Some of the largest contributors to an individual carbon footprint are venue and transportation. Perhaps unsurprisingly, these are also the biggest players in a wedding’s carbon footprint.
(image via Medium)
Want a destination wedding? Everyone has to hop on a plane, which causes tons of carbon emissions. Want to serve a prime rib entrée? That amount of red meat will be costly for you and the planet.
Even if you aren’t planning a far-away wedding or a meat-heavy menu, the choices you make are multiplied for each of your guests.
If you want to give your guests favors, avoid additional waste by opting for something edible. Or you can give something that’s beneficial to wildlife like seed bombs for native species that local pollinators will love.
When it comes to gifts, your guests ultimately choose what to give, but a registry allows you to offer guidance.

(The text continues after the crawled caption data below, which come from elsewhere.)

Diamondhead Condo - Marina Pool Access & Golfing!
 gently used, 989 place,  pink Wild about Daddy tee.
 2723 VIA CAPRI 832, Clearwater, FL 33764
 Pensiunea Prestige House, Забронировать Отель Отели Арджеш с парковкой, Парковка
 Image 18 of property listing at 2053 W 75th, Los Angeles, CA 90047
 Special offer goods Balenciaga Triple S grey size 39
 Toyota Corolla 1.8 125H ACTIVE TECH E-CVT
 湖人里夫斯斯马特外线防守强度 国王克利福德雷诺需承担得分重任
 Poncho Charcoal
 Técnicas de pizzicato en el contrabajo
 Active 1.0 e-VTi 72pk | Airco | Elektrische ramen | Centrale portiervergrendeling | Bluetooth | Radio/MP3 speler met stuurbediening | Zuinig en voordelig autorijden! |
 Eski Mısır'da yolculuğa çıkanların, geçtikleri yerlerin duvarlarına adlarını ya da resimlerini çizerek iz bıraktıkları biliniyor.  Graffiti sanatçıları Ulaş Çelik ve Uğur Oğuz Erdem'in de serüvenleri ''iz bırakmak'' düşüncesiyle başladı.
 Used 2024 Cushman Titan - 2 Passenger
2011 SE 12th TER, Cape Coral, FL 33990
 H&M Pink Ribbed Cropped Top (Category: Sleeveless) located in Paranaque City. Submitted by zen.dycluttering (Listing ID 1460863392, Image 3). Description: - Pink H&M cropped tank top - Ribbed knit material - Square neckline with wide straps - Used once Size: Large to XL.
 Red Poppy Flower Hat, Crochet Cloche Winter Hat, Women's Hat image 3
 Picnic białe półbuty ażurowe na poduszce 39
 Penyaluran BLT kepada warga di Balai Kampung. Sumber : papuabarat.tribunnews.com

It’s becoming more common for couples to live together before getting married and already have what they need for their home. That’s why charitable giving is an excellent alternative to traditional gifts.
By registering for donations to your favorite charities, you’re also sharing more about you as a couple with your guests. Your friends and family will learn a little more about the causes that are important to you.
The Good Beginning facilitates a charitable giving registry. You can even choose multiple organizations for guests to donate to.
Making wildlife-friendly choices when planning your wedding not only protects the planet, it’s a way to share your values with your nearest and dearest. And it’s an opportunity to demonstrate more sustainable choices that others can follow to set a good example for the rest of the wedding industry.